Europe accounts for almost half of the global revenue from organic food and drink products in 2010, USD$59bn in total.
Although the American market became the world’s largest organic industry in 2010 overtaking Europe, Europe is bouncing back and as result, companies have started to make cross- borders acquisitions and to invest more into the market.
For instance, the US natural and organic food company Hain Celestial strengthened its position in Europe when it acquired Danival, a French producer of organic foods and GG Unique Fiber, a Norwegian natural foods company earlier this month (terms of acquisition were not disclosed).
Another example of the manufacturers putting back their confidence in Europe is the Dutch company Royal Wessanen, which is repositioning on the market. It divested two of its US companies last year – Tree of Life in January for USD$190m and Panos Brands in December for USD$22m – in order to focus mainly on the organic industry in Europe.
Small and medium size companies
However Organic Monitor reckons that unlike North America, where generally big organic companies are growing in size, the small and medium size companies remain significant in Europe.
“Small and medium size companies can compete in the European market by focusing on specific product categories or channels. Indeed, many companies are re-focusing on health food shops / organic food retailers, rather than the supermarkets and mass market retailers,” said Sahota.
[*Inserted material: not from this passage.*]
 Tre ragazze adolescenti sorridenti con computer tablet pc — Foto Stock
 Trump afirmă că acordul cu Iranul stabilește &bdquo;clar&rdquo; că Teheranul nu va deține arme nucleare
Despite the downturn, in Europe these small and medium companies are expanding whereas the big players continue to invest and make acquisitions. Such spike in activity can only consolidate the organic food and drink industry.
Food price inflation?
With commodity prices increasing, what could be the impact of speculation on the organic industry?
“We do not see food inflation- or rising prices of organic products to affect the investment climate in Europe. If anything, it could spur more deals as companies try to secure supply by acquiring companies,” said Sahota.
With more capital available, the future of the organic food and drink industry will see a healthy growth rates and even more deals, mergers and investments.